TASK STATEMENT – Please repeat the entries word for word and keep the images out.

Pictures with short captions
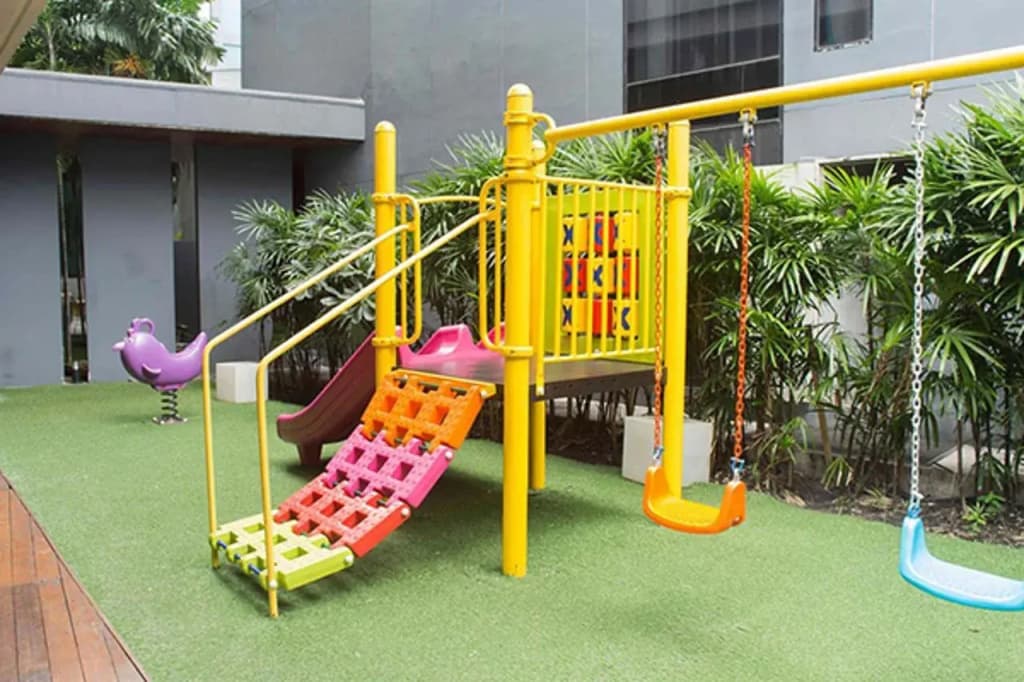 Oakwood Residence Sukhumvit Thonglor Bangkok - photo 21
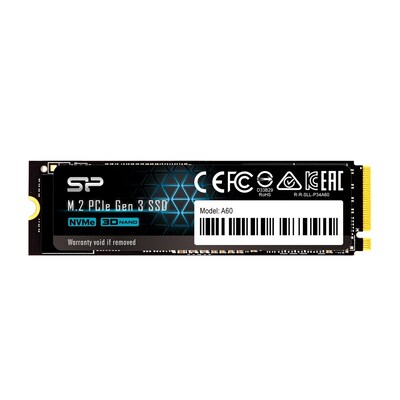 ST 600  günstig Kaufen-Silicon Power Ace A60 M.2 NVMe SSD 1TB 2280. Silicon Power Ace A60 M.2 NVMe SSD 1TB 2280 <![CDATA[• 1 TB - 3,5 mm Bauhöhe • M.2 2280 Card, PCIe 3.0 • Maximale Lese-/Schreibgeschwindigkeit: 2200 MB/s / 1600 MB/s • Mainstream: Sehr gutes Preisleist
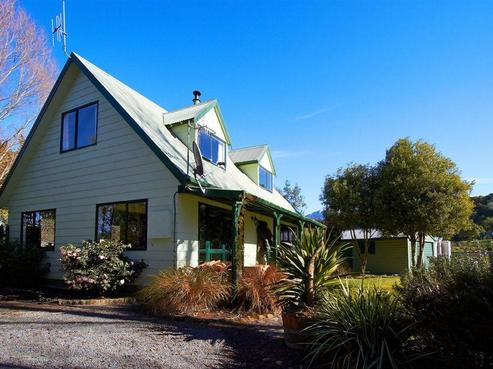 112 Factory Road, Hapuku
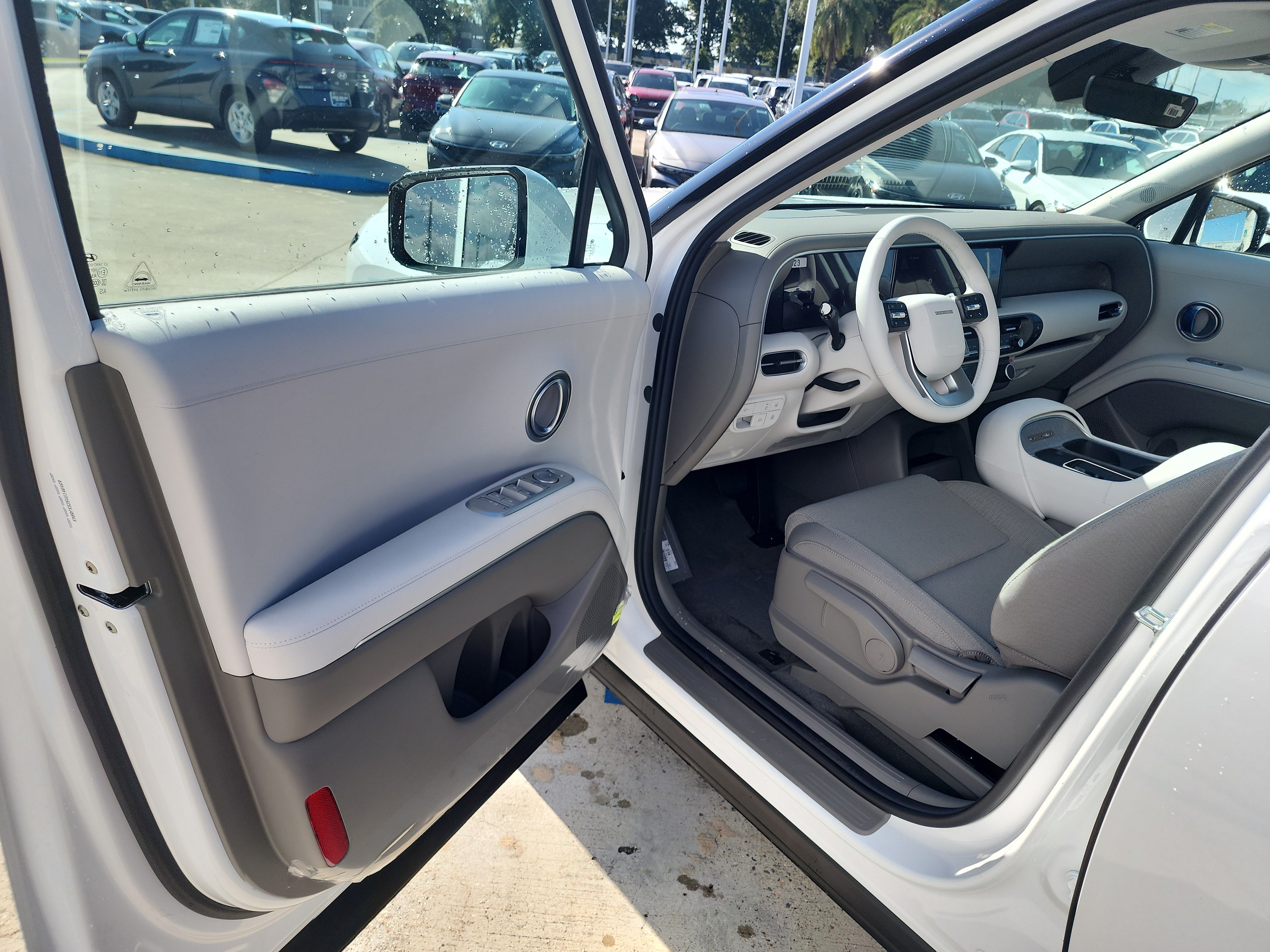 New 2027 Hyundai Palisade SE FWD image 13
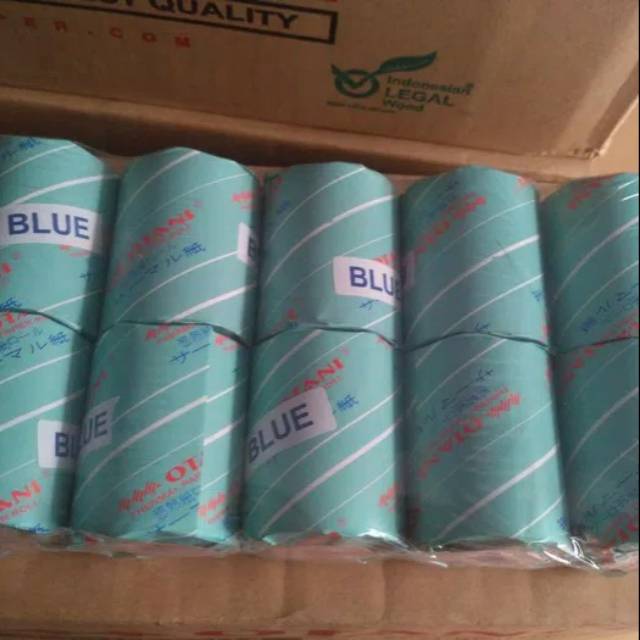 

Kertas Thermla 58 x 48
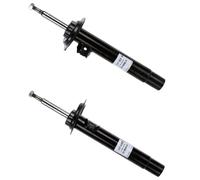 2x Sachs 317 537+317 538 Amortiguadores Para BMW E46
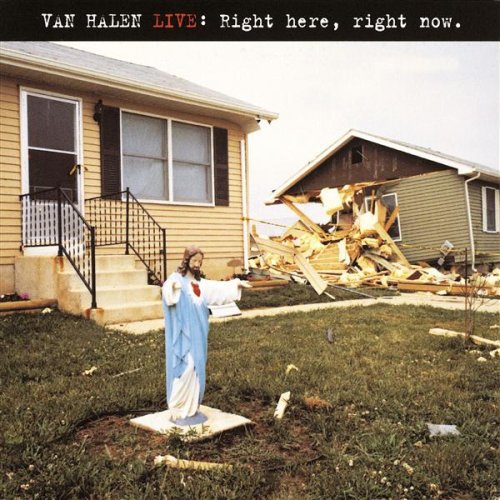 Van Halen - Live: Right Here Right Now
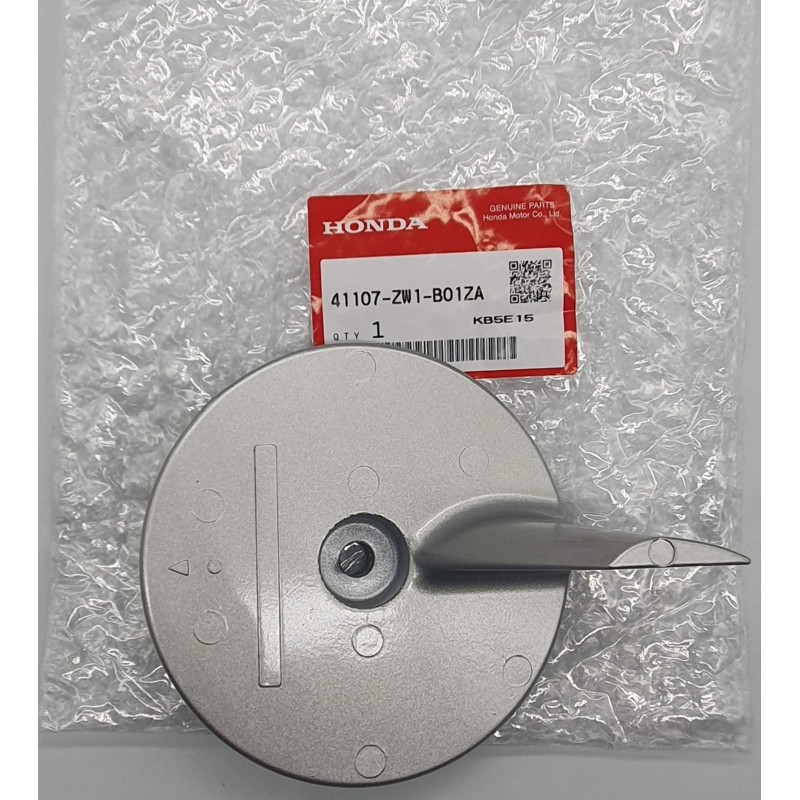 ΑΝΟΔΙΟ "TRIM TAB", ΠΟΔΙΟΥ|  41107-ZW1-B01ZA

EXERCISE ANSWER –
 Oakwood Residence Sukhumvit Thonglor Bangkok - photo 21
 ST 600  günstig Kaufen-Silicon Power Ace A60 M.2 NVMe SSD 1TB 2280. Silicon Power Ace A60 M.2 NVMe SSD 1TB 2280 <![CDATA[• 1 TB - 3,5 mm Bauhöhe • M.2 2280 Card, PCIe 3.0 • Maximale Lese-/Schreibgeschwindigkeit: 2200 MB/s / 1600 MB/s • Mainstream: Sehr gutes Preisleist
 112 Factory Road, Hapuku
 New 2027 Hyundai Palisade SE FWD image 13

Kertas Thermla 58 x 48
 2x Sachs 317 537+317 538 Amortiguadores Para BMW E46
 Van Halen - Live: Right Here Right Now
 ΑΝΟΔΙΟ "TRIM TAB", ΠΟΔΙΟΥ|  41107-ZW1-B01ZA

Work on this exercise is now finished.